从关岭开始,徐霞客纵行于山岭峰壑间,开始了一个人与茫茫山海的意志较量。
四月二十四日清晨,因找不到担夫而发愁的徐霞客,偶然遇到一个西行的马帮,恰好还闲余一驼骑(指驮运货物的牲口),稍作议价,马驼头即同意将行李“以筐囊装马上”,捎到普安以远的交水。于是,马帮先行,徐霞客跟随其后。
这一天,从关岭至查城驿(今永宁),距离不过30多里,徐霞客却整整走了一整天。
在北斗岭,徐霞客“迤逦峰头”,“东眺关索岭,已在足底”,但见峰峦连脊,分行竞颖。于是,他认定:“关岭为中界高山,而此峰为其西陲。鸡公岭为东界高山,而太华乃其西陲。二界高岭,愈西越高。”
徐霞客进一步考察了沿途的道路、河流走向。下午,他又攀上更高的象鼻岭,以此为中心,“东瞰关岭,西俯盘江以西”,但见“两界山俱屏列于下,如‘川’字分行而拥之者”,“其地为盘江以东老龙第一枝南分之脊,第二枝为关岭,第三枝为鸡公背。三枝南下,形如‘川’字,而西枝最高”……

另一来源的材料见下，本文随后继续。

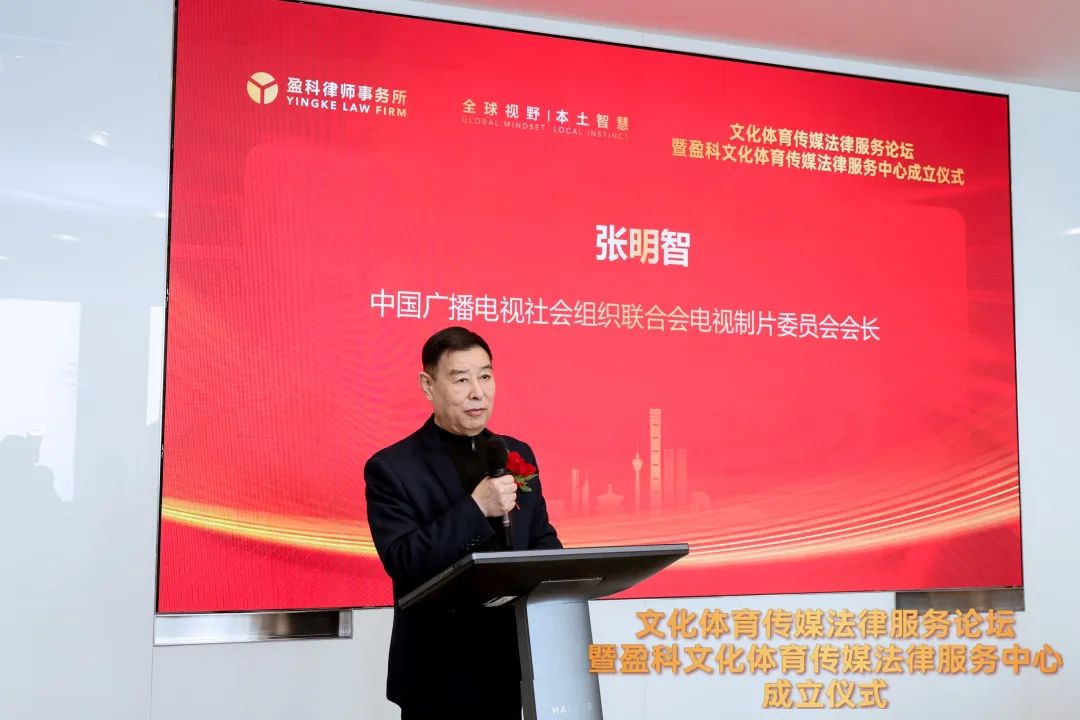 中广联合会演员委员会与北京盈科律师事务所签订合作框架协议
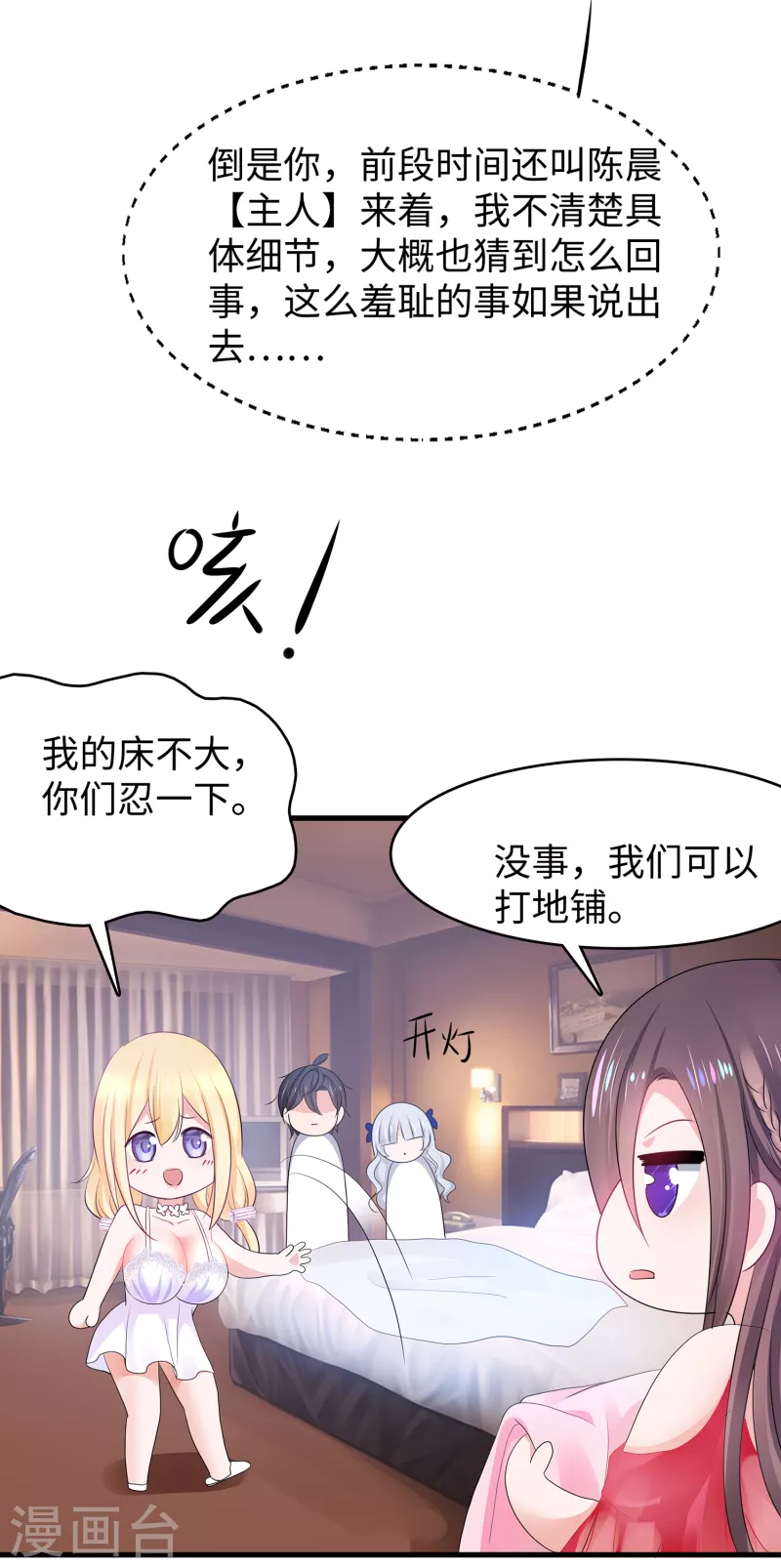 第146话 OMG！牀上的争宠大战23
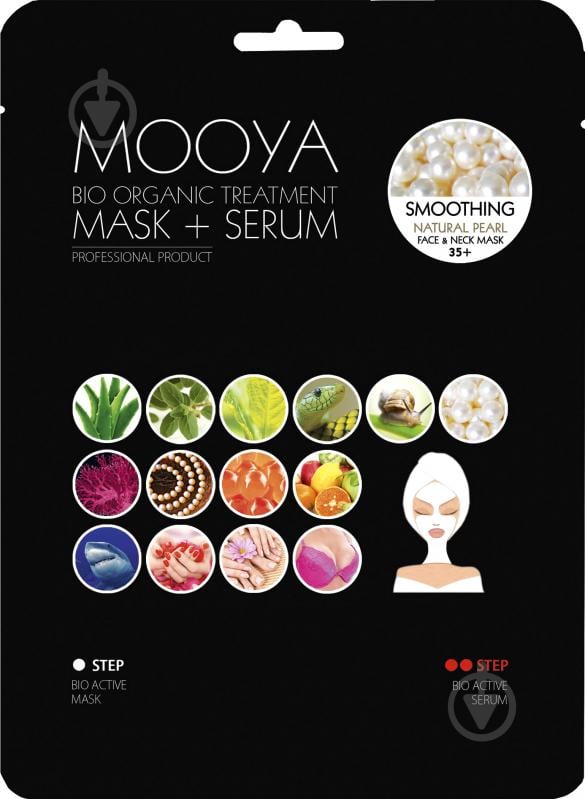 Маска для обличчя Beauty Face Mooya Bio Organic + сироватка з екстрактом перлів 36 г - фото 1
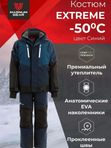 Костюм зимний "EXTREME -50"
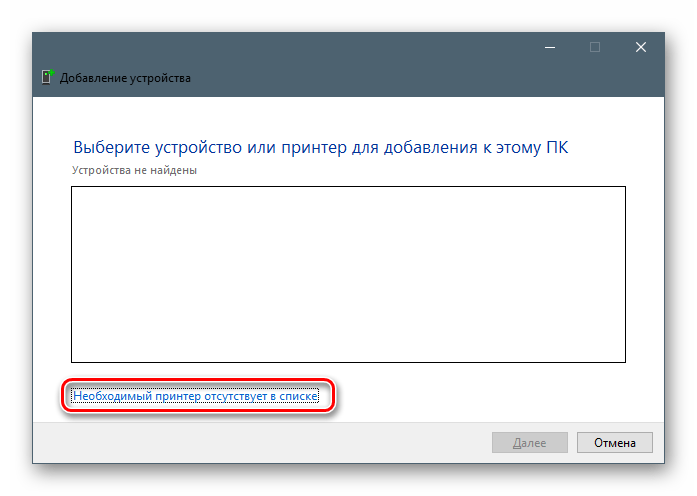 Переход к ручному поиску при установке драйвера для принтера HP LaserJet 1022 в Windows 10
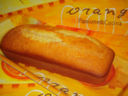 Cake allo Yogurt "Paneangeli"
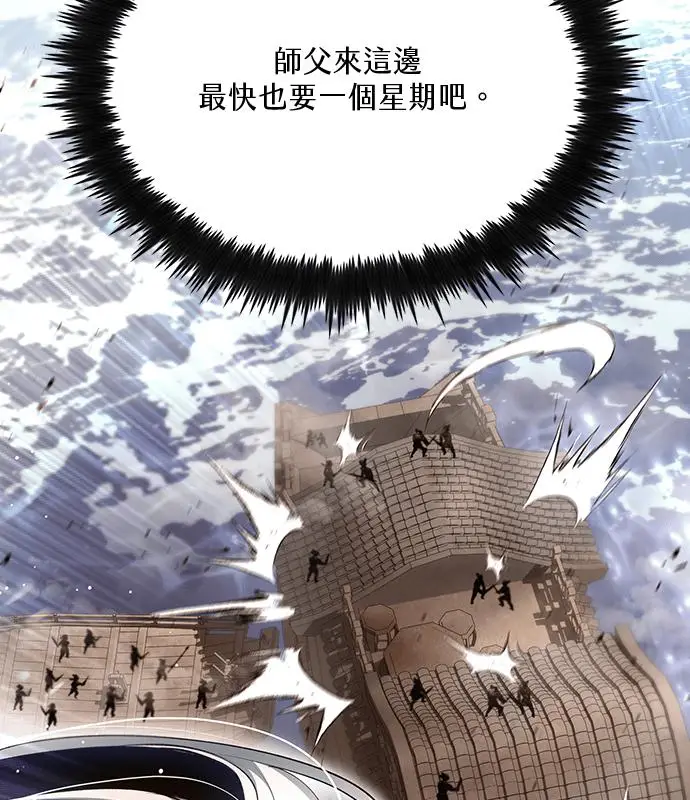 漫画《转世武林当大夫》第194话第16张图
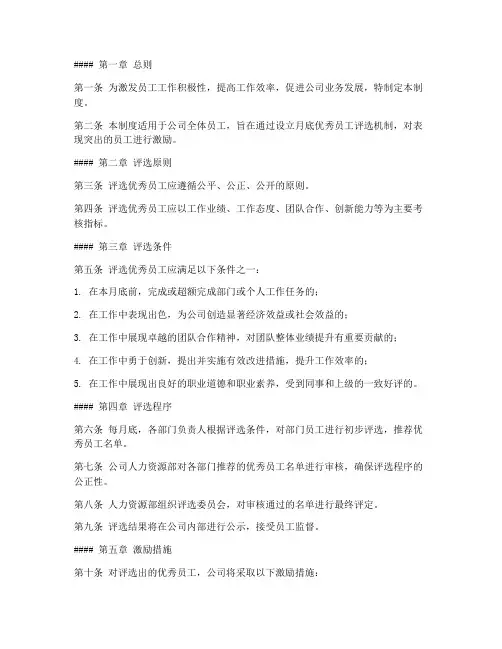 月底优秀员工激励管理制度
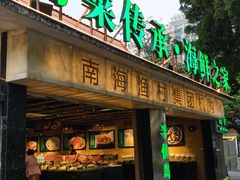 -南海渔村 (流花湖店)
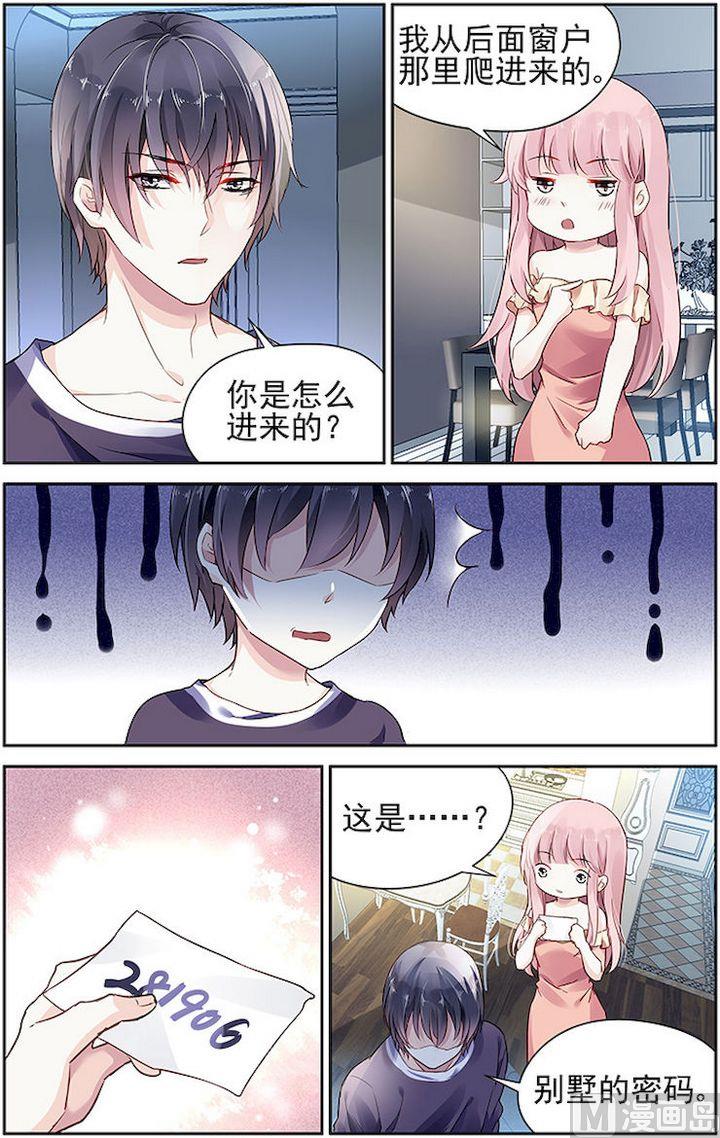 第59话0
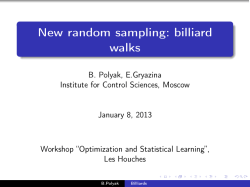 New random sampling: billiard walks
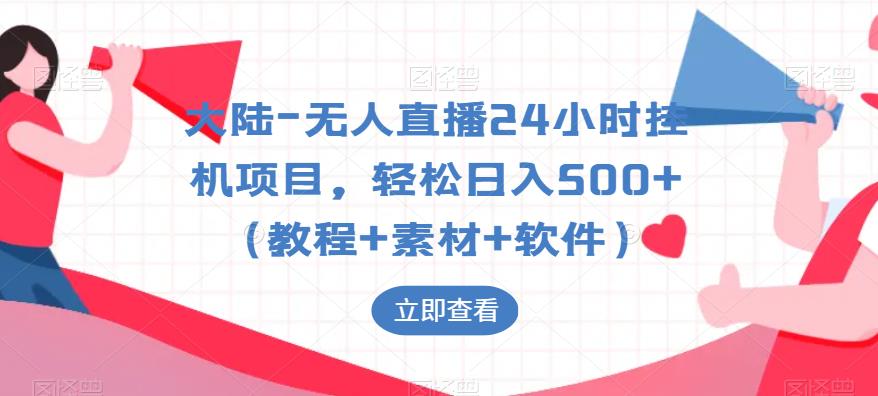 大陆-无人直播24小时挂机项目，轻松日入500+（教程+素材+软件）-猫哥网资源库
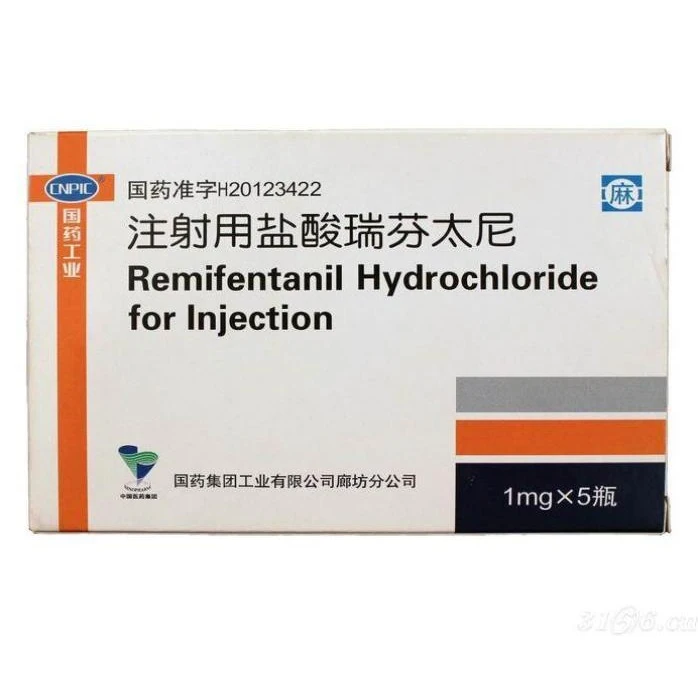 Remifentanil hýdróklóríð til inndælingar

这些看似有些枯燥的文字,是迄今安顺关岭以西最早的地理资料。今天高科技的手段,证实了374年前徐霞客结论的准确性。这也是世界上最早研究我国西南地区岩溶地貌的珍贵文献,《四库全书总目纲要》称其“既锐于搜寻,尤工于摹写”。当代著名科学家、英国学者李约瑟博士在《中国科学史》中感叹:“徐霞客的游记,读起来不象17世纪学者所写,倒像20世纪的野外勘察家的考察记录。”
黔山有幸!这些默默无闻了多少年的大山,从此有了生命的记载,留下了可贵的历史印记。